Objectives
Upon successful completion of this lesson, you should be able to:
- Identify situations in which the z or t distributions may be used to approximate a sampling distribution
- Construct a confidence interval to estimate a population proportion, mean, or difference in paired means by hand given summary data
- Construct a confidence interval to estimate a population proportion, mean, or difference in paired means using Minitab given summary or raw data
- Determine the necessary minimum sample size to construct a confidence interval for a single proportion or single mean with a given level of confidence and margin of error
- Conduct a hypothesis test using the appropriate common distribution for a single proportion, single mean, and paired means by hand given summary data
- Conduct a hypothesis test using the appropriate common distribution for a single proportion, single mean, and paired means using Minitab given summary or raw data
This lesson corresponds to Chapter 6 in the Lock5 textbook.

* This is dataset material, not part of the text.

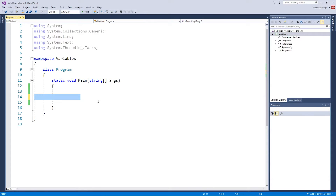I've already created my project. It's just a simple console application called Variables, and I'll probably suggest you do the same and join this ride with me.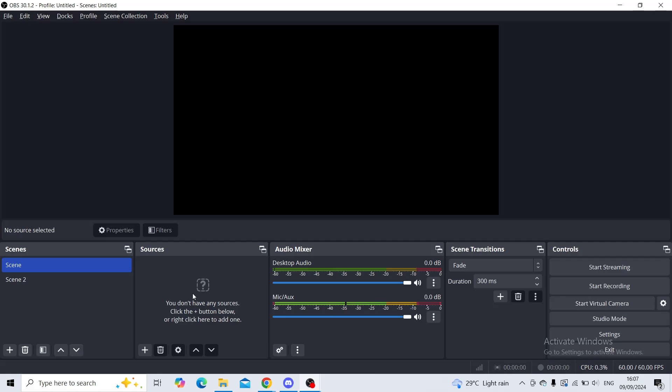Alright, when you're in your OBS Studio, you'll bring your attention to the audio mixer section here. Your OBS is recording the desktop audio as well as your mic/aux, as you can see right now it is working and picking up my voice.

The general form of confidence intervals and test statistics will be the same for all of the procedures covered in this lesson:
- General Form of a Confidence Interval
- \(sample\ statistic\pm(multiplier)\ (standard\ error)\)
- General Form of a Test Statistic
- \(test\;statistic=\dfrac{sample\;statistic-null\;parameter}{standard\;error}\)
We will be using a five step hypothesis testing procedure:
- Check assumptions and write hypotheses. The assumptions will vary depending on the test. The null and alternative hypotheses will also be written in terms of population parameters; the null hypothesis will always contain the equality (i.e., \(=\)).
- Calculate the test statistic. This will vary depending on the test, but it will typically be the difference observed between the sample and population divided by a standard error. In this lesson, we will see z and t test statistics. Minitab will compute the test statistic.
- Determine the p-value. This can be found using Minitab.
- Make a decision. If \(p \leq \alpha\) reject the null hypothesis. If \(p>\alpha\) fail to reject the null hypothesis.
- State a "real world" conclusion. Based on your decision in step 4, write a conclusion in terms of the original research question.
Some steps may vary depending on the test.
We will be relying heavily on Minitab in this lesson and all of the following lessons. Note that help is available in Minitab.